# Eye Painting on flies



## lemaymiami (Feb 9, 2007)

Got a request to explain how I paint eyes on some of my flies. The following photos should cover it.... A few notes first...

You can't paint eyes on a thread based head until you seal the thread properly - I use Krazy Glue. Eye painters need to be a bit smaller than the eye you're looking for since the dot of paint will always be a bit larger than the size of the painter... Each coat of paint needs to dry thoroughly before the next one or you won't get good results. The paint I use is called "quick drying" and that's a joke since unless you heat it a bit it will take almost a day to dry for each coat. The final finish I use on my flies is FlexCoat, a rodbuilder's finish that requires the item coated with it to rotate for two hours until it sets up properly - but it won't cure completely for another day....

Now for those pics...


----------



## skinny_water (Jun 11, 2008)

Perfect explanation.  Now to steal the lady's brushes...

...to cut them up and epoxy nails onto them.


----------



## skinny_water (Jun 11, 2008)

Actually I have a broken rod I use, or maybe fashion some outta bamboo


----------



## iFly (Mar 9, 2010)

Excellent.
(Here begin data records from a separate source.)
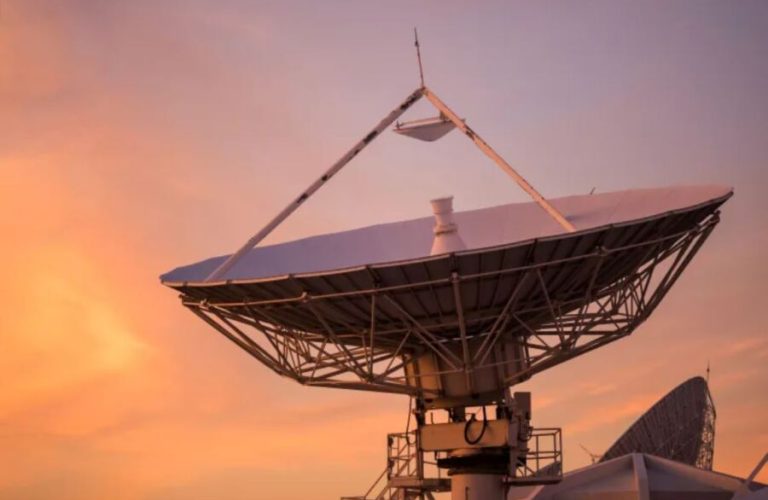 Eyes in the Sky Iran and Israel's Satellite Race Before the Flames of War Flare Up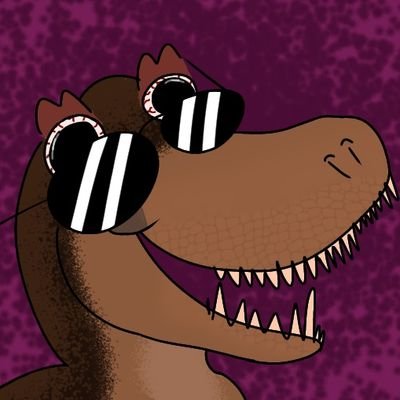 Amateur whatever you call someone that draws
ENG🇺🇸/ESP🇵🇷
19
Me likes dinosaurs, dinosaurs cool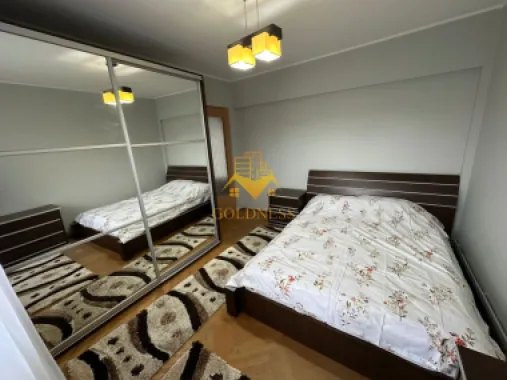2 camere, Gheorgheni, Iulius Mall, FSEGA,Unirii,Alexandru Vaida Voevod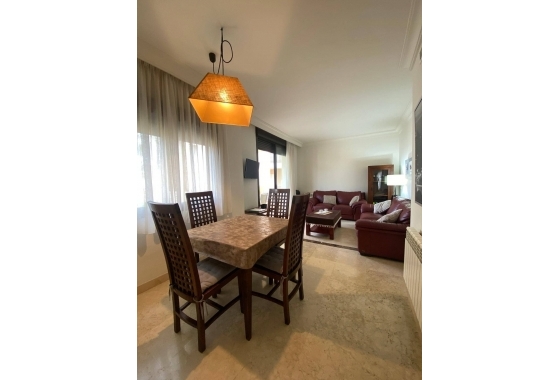 Wiederverkauf - Wohnung - San Javier - Roda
I always skip the eyes because, I had no practical method of doing them. I think, that just changed. 

Thanks, once again.


----------



## ethan.weber (Apr 26, 2011)

do you think painting over the eyes with head cement would work? or would i be better off with epoxy?
also thanks for a great how-to.


----------



## lemaymiami (Feb 9, 2007)

The problem with any final coat is whether that finish will attack the paint already there (stuff like head cement or Sally Hansen "Hard as Nails" contain solvents that can attack ordinary paint.... ask me how I know). 

If you're in any doubt you can do a test patch or just do without any final finish at all.... As long as the thread has been treated with super glue it isn't going anywhere at all...


----------